Map projections¶
Coordinate reference systems (CRS) are important because the geometric shapes in a GeoDataFrame are simply a collection of coordinates in an arbitrary space. A CRS tells Python how those coordinates are related to places on the Earth. A map projection (or a projected coordinate system) is a systematic transformation of the latitudes and longitudes into a plain surface where units are quite commonly represented as meters (instead of decimal degrees). This transformation is used to represent the three dimensional earth on a flat, two dimensional map.
As the CRS in different spatial datasets differ fairly often (i.e. one might have coordinates defined in decimal degrees while the other one has them in meters), it is a common procedure to redefine (or reproject) the CRS to be identical in both layers. It is important that the layers have the same coordinate reference system as it makes it possible to analyze the spatial relationships between the layers, such as conduct a Point in Polygon -query.
Choosing an appropriate projection for your map is not always straightforward because it depends on what you actually want to represent with your map, and what is the spatial scale of your data. In fact, there does not exist a “perfect projection” since each one of them has some strengths and weaknesses, and you should choose such projection that fits best for your needs. In fact, the projection you choose might even tell something about you:
Source: XKCD, See a full comic about“What your favorite map projection tells about you”.
For those of you who want a bit more analytical approach for choosing the projection, you can get a good overview from georeference.org, or from this blog post introducing the strengths and weaknesses of a few commonly used projections.
Coordinate reference system (CRS) in Geopandas¶
Luckily, defining and changing projections is easy in Geopandas. In this tutorial we will see how to retrieve the coordinate reference system information from the data, and how to change it. We will re-project a data file from WGS84 (lat, lon coordinates) into a Lambert Azimuthal Equal Area projection which is the recommended projection for Europe by European Commission.
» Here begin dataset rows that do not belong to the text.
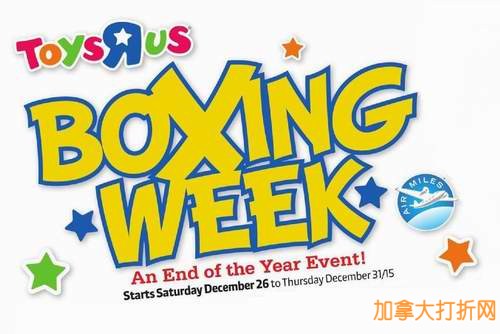 Toys R Us Boxing Week 节礼周特卖活动开售了！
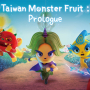 Taiwan Monster Fruit : Prologue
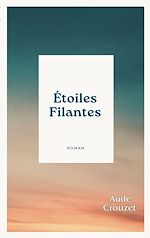 Télécharger le livre :  Étoiles filantes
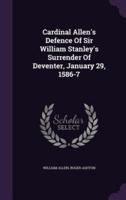 Cardinal Allen's Defence Of Sir William Stanley's Surrender Of Deventer, January 29, 1586-7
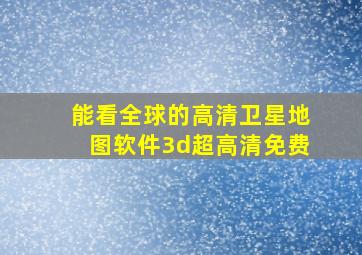 能看全球的高清卫星地图软件3d超高清免费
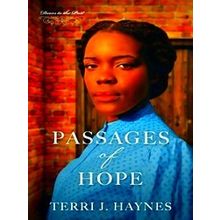 Doors To The Past Passages Of Hope - Terri J. Haynes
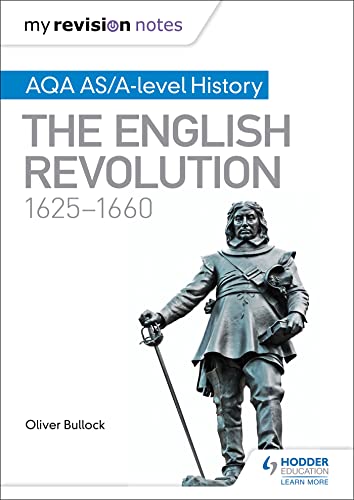 Beispielbild fr My Revision Notes: AQA AS/A-level History: The English Revolution, 1625-1660 zum Verkauf von AwesomeBooks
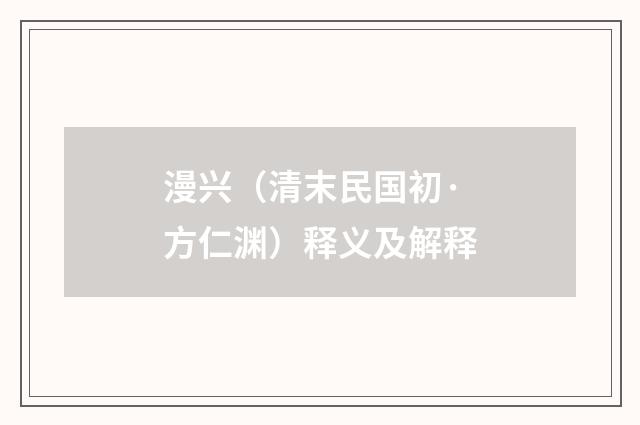 漫兴（清末民国初·方仁渊）释义及解释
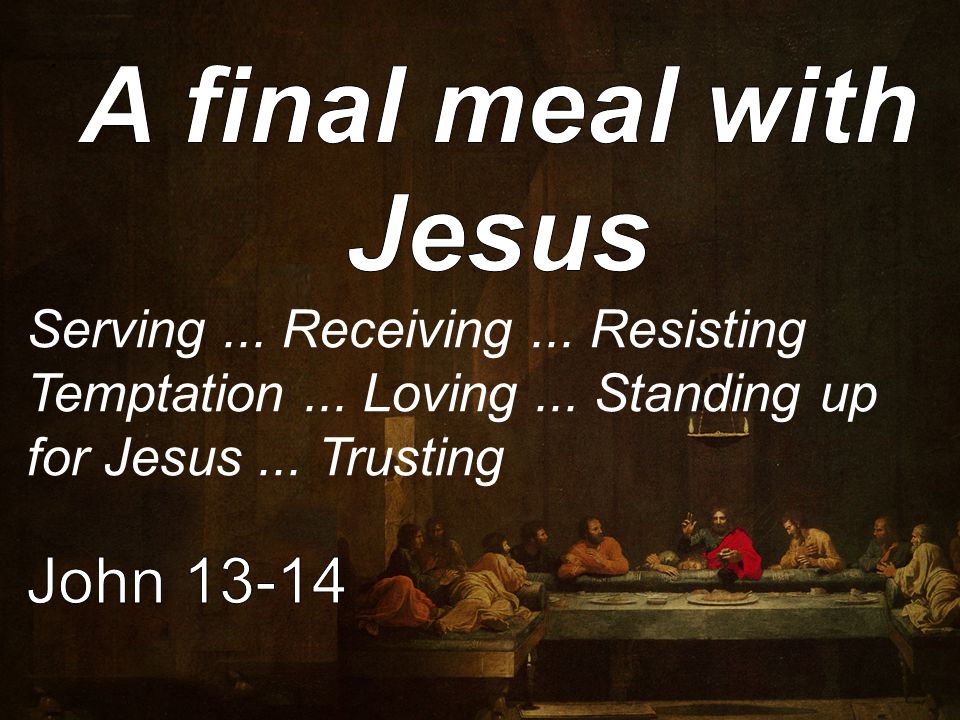 Serving... Receiving... Resisting Temptation... Loving... Standing up for Jesus... Trusting
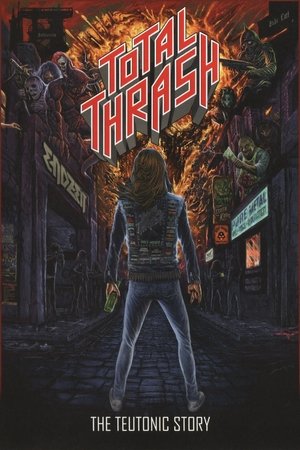Watch Free Total Thrash The Teutonic Story (2022)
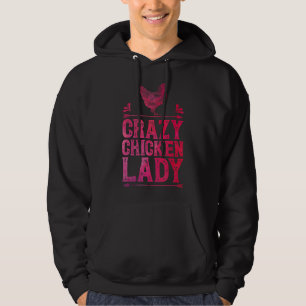 Crazy Chicken Lady Farm Poultry Bauer Hoodie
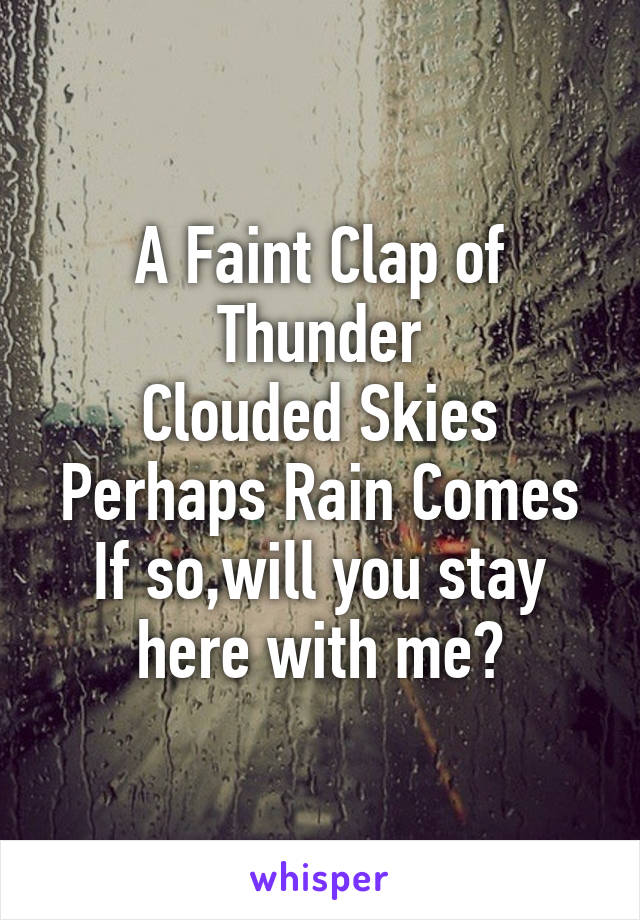 A Faint Clap of Thunder
Clouded Skies
Perhaps Rain Comes
If so,will you stay here with me?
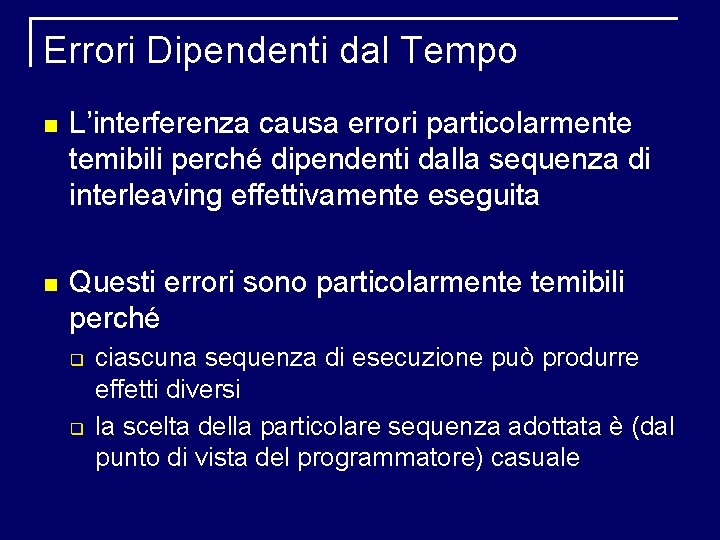 Errori Dipendenti dal Tempo L’interferenza causa errori particolarmente temibili perché dipendenti dalla sequenza di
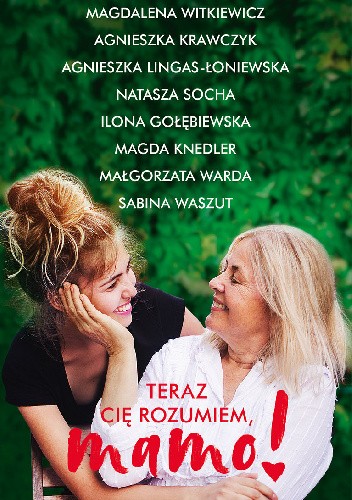 Teraz cię rozumiem, mamo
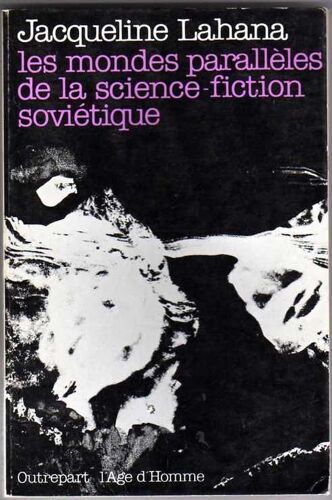 Les Mondes Parallèles De La Science-Fiction Soviét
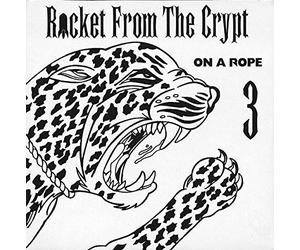 Rocket From the Crypt - On a Rope [CD 3]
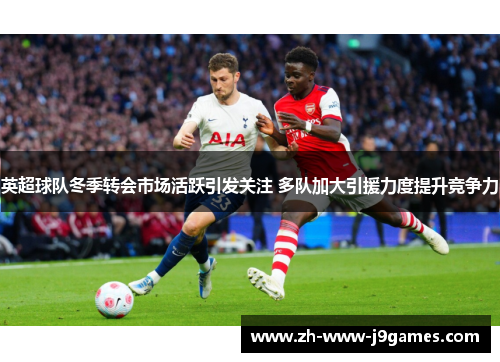 英超球队冬季转会市场活跃引发关注 多队加大引援力度提升竞争力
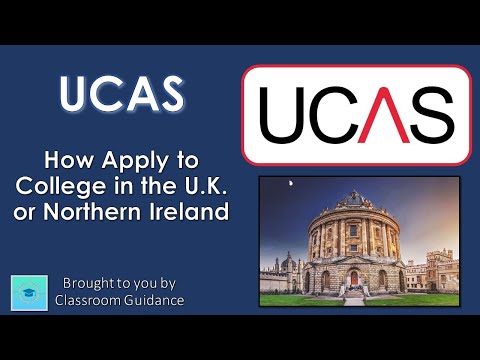 How to apply to College in the U.K. and Northern Ireland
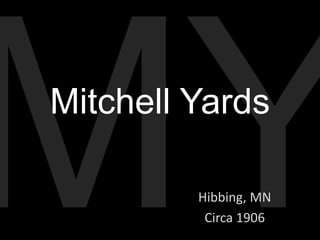 Mitchell Yards

         Hibbing, MN
          Circa 1906
 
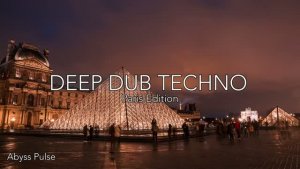 Deep Dub Techno Mix 2026 ｜ Paris Edition ｜ Louvre Pyramid After Dark ｜ Cinematic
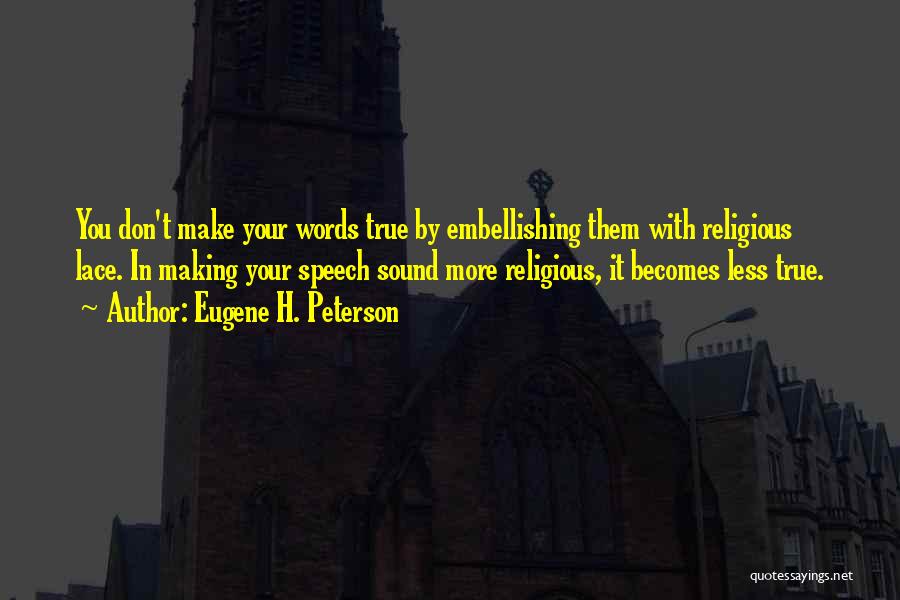 Eugene H. Peterson Quotes: You Don't Make Your Words True By Embellishing Them With Religious Lace. In Making Your Speech Sound More Religious, It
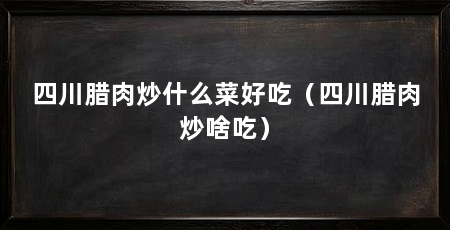 四川腊肉炒什么菜好吃(四川腊肉炒啥吃)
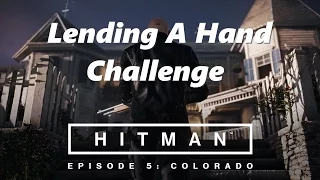 Hitman: Colorado/Freedom Fighters - Lending A Hand Challenge (XBox/PC/PS4)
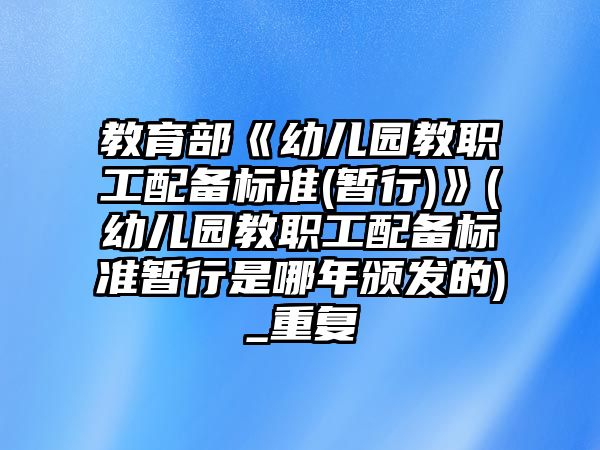 教育部《幼兒園教職工配備標(biāo)準(zhǔn)(暫行)》(幼兒園教職工配備標(biāo)準(zhǔn)暫行是哪年頒發(fā)的)_重復(fù)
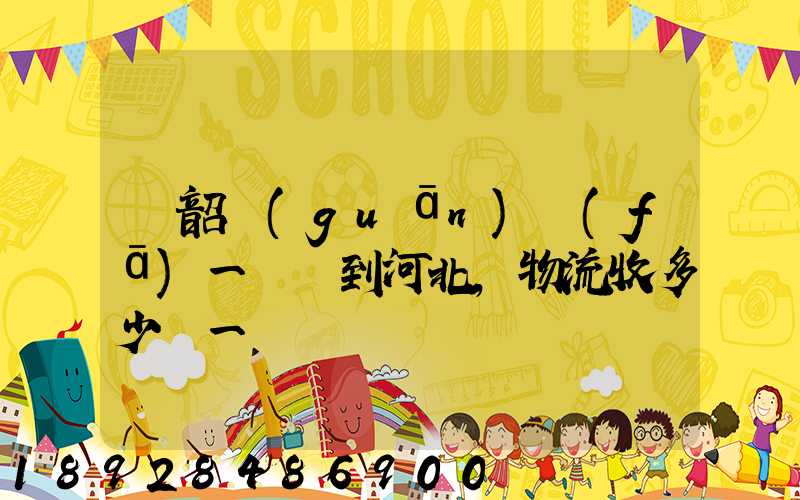 從韶關(guān)發(fā)一噸貨到河北,物流收多少錢一噸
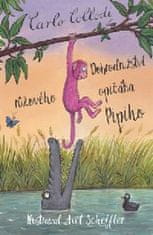 Carlo Collodi: Dobrodružství růžového opičáka Pipiho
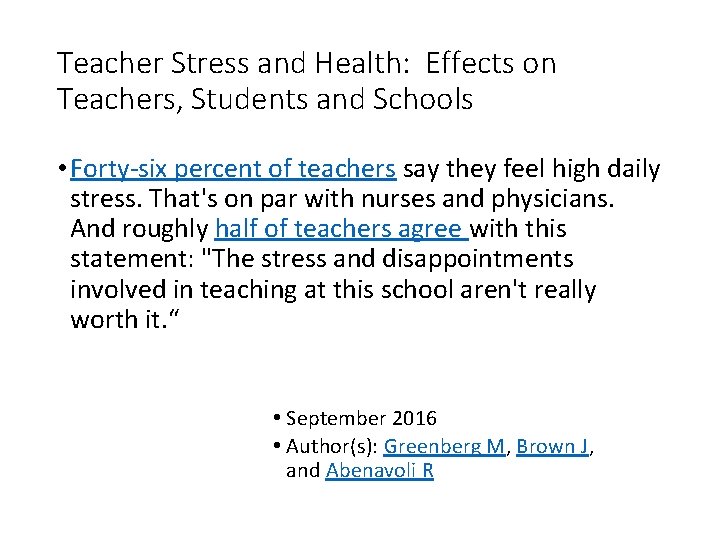 Teacher Stress and Health: Effects on Teachers, Students and Schools • Forty-six percent of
For this tutorial we will be using a Shapefile called
Europe_borders.shp
representing the country borders in Europe, that
you already should have downloaded during the previous
tutorial.
Shapefile should always contain information about the coordinate
reference system that is stored in .prj
-file (at least if the data
has been appropriately produced). When reading the data into
GeoDataFrame
with Geopandas this information is automatically stored
into .crs
attribute of the GeoDataFrame.
- Let’s start by reading the data from the
Europe_borders.shp
file and checking thecrs
:
In [1]:
# Import necessary packages
import geopandas as gpd
# Read the file
fp = "L2_data/Europe_borders.shp"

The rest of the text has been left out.